"But, you foolish person," she expostulated, "Lady Letitia enjoys all the advantages to which her station entitles her. Your daughter, with a mind and intelligence very much superior to her position, was employed in the miserable drudgery of teaching village children."
"Honest work," he replied, "hurts no one, unless they are full of sickly fancies. It's idleness that brings sin. They tell me you've new creeds amongst those in your walk of life, and a new manner of living. Live as you will, then, but let others do the same. I stand by the Book, and maybe, when your last days come, you will be sorry you cast it aside."
"So far as I remember," she reminded him, "the chief teaching of that Book is forgiveness."
"Your memory fails you, then," he answered grimly, "for what the Book preaches is justice to poor and rich alike."
The Duchess sighed. She was a good-hearted woman and full of confidence, but she recognised her limitations.
"My good man," she said, "I shall not argue with you any more. You won't believe it, but you are simply narrow and pig-headed and obstinate, and you won't believe that there may be a grain of reason in anybody else's point of view but your own. Just look at yourself! You can't be more than sixty-five or so, and you might be a hundred! You sit there nursing your grievance and thinking about it, while your whole life is running to seed. Why don't you get up and be a human being? Send for your daughter to come down and look after you—she'd come—and choke it all down. Put the Book away for a time, or read a little more of the New Testament and a little less of the Old. Come, will you be sensible, and I'll come in and shake hands with you, and we'll write your daughter together."

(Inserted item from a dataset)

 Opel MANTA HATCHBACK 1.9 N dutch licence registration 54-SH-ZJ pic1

Vont was still leaning on his stick. Save that his eyebrows were drawn a little closer together, his expression was unchanged. Yet his visitor, though the sunshine was all around them, shivered.
"Did he send you here?"
"Of course not," she replied. "I came of my own accord. I remembered the days when you used to take me rabbiting and let me shoot a pheasant if there was no one about. You were a sensible, well-balanced man then. I came, hoping to find that there was a little of the old Richard Vont left in you."

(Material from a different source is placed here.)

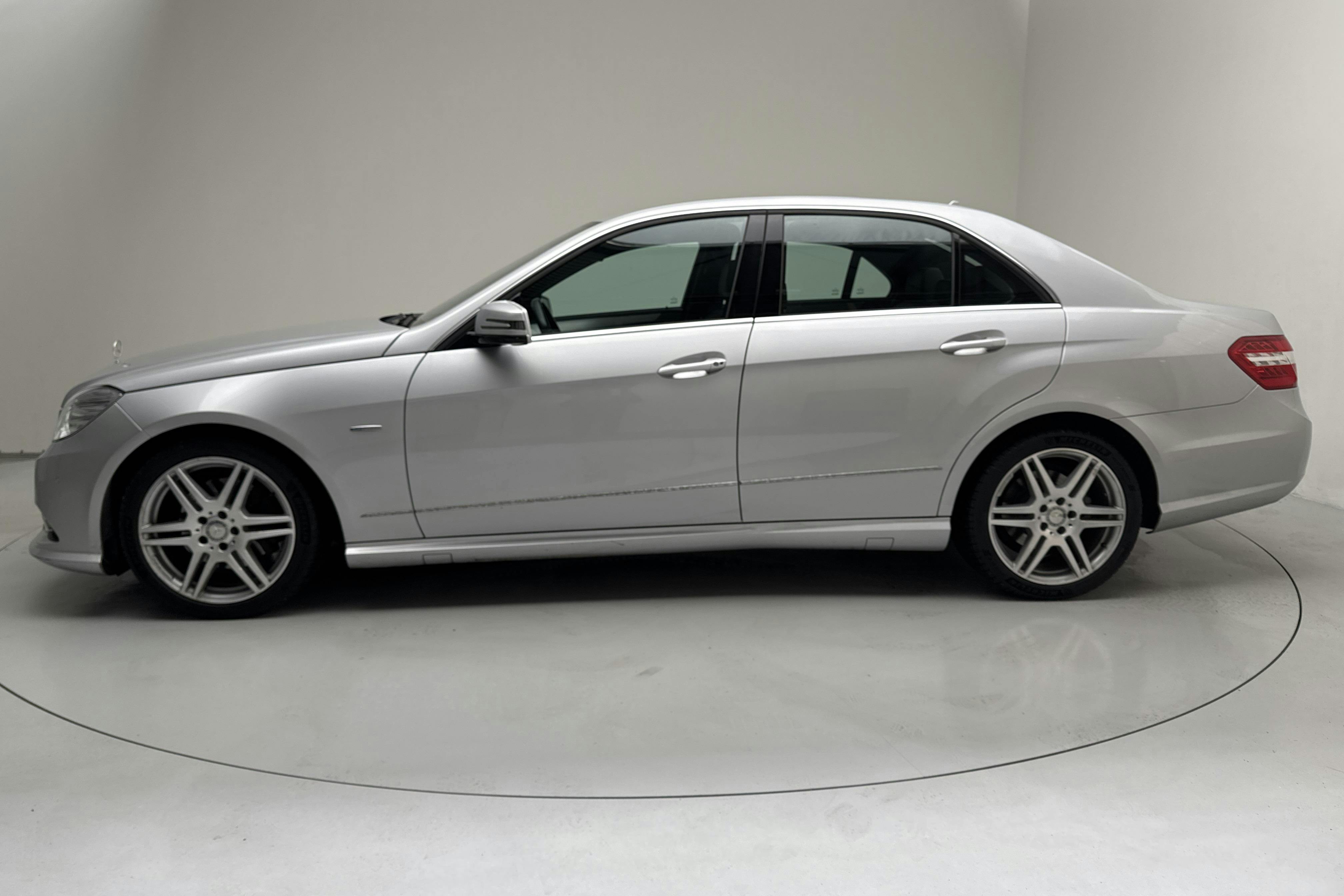 Zdjęcie prezentacyjne 2 z 12: Mercedes E 220 CDI W212 (170hk) - 98 310 km - Automatyczna - srebro - 2011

"There is just enough of the old Richard Vont left," he said, "to send you back to where you came from, with a message, if you care to carry it. Tell him—your brother, the Lord of Mandeleys—that I am not sitting here of idle purpose, that I don't hear the voices around me for nothing, that I don't look day and night at Mandeleys for nothing. Tell him to make the most of the sun that shines to-day and the soft bed he lies on to-night and the woman he kisses to-morrow, for he is very close to the end. I am an old man, but I'm here to see the end. It has been promised."